### Task
With no line left out, restate the data word for word.

### Data for the task

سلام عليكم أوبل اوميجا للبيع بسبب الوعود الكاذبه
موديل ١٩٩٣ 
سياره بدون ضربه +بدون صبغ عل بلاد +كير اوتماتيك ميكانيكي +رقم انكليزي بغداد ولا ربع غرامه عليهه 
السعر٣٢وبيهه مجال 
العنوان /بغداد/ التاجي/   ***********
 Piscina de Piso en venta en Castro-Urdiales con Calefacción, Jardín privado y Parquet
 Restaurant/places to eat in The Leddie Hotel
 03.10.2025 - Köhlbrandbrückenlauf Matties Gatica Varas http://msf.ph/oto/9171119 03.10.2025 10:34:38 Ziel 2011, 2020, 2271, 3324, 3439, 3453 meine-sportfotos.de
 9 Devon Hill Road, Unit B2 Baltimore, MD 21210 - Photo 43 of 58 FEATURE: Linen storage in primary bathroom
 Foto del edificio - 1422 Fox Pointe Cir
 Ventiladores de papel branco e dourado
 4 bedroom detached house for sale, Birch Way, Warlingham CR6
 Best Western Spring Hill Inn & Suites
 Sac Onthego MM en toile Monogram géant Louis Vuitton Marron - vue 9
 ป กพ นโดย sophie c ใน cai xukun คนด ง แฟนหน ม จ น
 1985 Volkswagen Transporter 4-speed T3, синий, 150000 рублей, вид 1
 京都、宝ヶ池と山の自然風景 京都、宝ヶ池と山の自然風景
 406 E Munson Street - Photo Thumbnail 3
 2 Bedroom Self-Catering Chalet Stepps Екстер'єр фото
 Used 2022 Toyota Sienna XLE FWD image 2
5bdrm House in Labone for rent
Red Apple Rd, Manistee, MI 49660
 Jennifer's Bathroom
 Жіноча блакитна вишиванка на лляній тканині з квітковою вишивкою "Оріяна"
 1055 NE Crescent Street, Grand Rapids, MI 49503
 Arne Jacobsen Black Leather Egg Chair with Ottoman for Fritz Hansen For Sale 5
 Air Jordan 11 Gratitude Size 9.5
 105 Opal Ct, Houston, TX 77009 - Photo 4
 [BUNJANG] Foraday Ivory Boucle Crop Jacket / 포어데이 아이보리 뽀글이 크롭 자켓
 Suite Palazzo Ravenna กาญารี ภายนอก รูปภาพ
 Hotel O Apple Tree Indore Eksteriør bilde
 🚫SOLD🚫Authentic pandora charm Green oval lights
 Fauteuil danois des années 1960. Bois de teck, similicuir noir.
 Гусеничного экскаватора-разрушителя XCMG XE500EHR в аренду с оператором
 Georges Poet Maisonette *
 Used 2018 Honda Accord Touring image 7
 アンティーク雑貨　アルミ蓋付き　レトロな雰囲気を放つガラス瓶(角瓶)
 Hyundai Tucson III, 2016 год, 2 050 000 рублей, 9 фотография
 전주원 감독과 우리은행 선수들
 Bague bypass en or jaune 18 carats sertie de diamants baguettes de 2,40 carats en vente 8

### Answer space
سلام عليكم أوبل اوميجا للبيع بسبب الوعود الكاذبه
موديل ١٩٩٣ 
سياره بدون ضربه +بدون صبغ عل بلاد +كير اوتماتيك ميكانيكي +رقم انكليزي بغداد ولا ربع غرامه عليهه 
السعر٣٢وبيهه مجال 
العنوان /بغداد/ التاجي/   ***********
 Piscina de Piso en venta en Castro-Urdiales con Calefacción, Jardín privado y Parquet
 Restaurant/places to eat in The Leddie Hotel
 03.10.2025 - Köhlbrandbrückenlauf Matties Gatica Varas http://msf.ph/oto/9171119 03.10.2025 10:34:38 Ziel 2011, 2020, 2271, 3324, 3439, 3453 meine-sportfotos.de
 9 Devon Hill Road, Unit B2 Baltimore, MD 21210 - Photo 43 of 58 FEATURE: Linen storage in primary bathroom
 Foto del edificio - 1422 Fox Pointe Cir
 Ventiladores de papel branco e dourado
 4 bedroom detached house for sale, Birch Way, Warlingham CR6
 Best Western Spring Hill Inn & Suites
 Sac Onthego MM en toile Monogram géant Louis Vuitton Marron - vue 9
 ป กพ นโดย sophie c ใน cai xukun คนด ง แฟนหน ม จ น
 1985 Volkswagen Transporter 4-speed T3, синий, 150000 рублей, вид 1
 京都、宝ヶ池と山の自然風景 京都、宝ヶ池と山の自然風景
 406 E Munson Street - Photo Thumbnail 3
 2 Bedroom Self-Catering Chalet Stepps Екстер'єр фото
 Used 2022 Toyota Sienna XLE FWD image 2
5bdrm House in Labone for rent
Red Apple Rd, Manistee, MI 49660
 Jennifer's Bathroom
 Жіноча блакитна вишиванка на лляній тканині з квітковою вишивкою "Оріяна"
 1055 NE Crescent Street, Grand Rapids, MI 49503
 Arne Jacobsen Black Leather Egg Chair with Ottoman for Fritz Hansen For Sale 5
 Air Jordan 11 Gratitude Size 9.5
 105 Opal Ct, Houston, TX 77009 - Photo 4
 [BUNJANG] Foraday Ivory Boucle Crop Jacket / 포어데이 아이보리 뽀글이 크롭 자켓
 Suite Palazzo Ravenna กาญารี ภายนอก รูปภาพ
 Hotel O Apple Tree Indore Eksteriør bilde
 🚫SOLD🚫Authentic pandora charm Green oval lights
 Fauteuil danois des années 1960. Bois de teck, similicuir noir.
 Гусеничного экскаватора-разрушителя XCMG XE500EHR в аренду с оператором
 Georges Poet Maisonette *
 Used 2018 Honda Accord Touring image 7
 アンティーク雑貨　アルミ蓋付き　レトロな雰囲気を放つガラス瓶(角瓶)
 Hyundai Tucson III, 2016 год, 2 050 000 рублей, 9 фотография
 전주원 감독과 우리은행 선수들
 Bague bypass en or jaune 18 carats sertie de diamants baguettes de 2,40 carats en vente 8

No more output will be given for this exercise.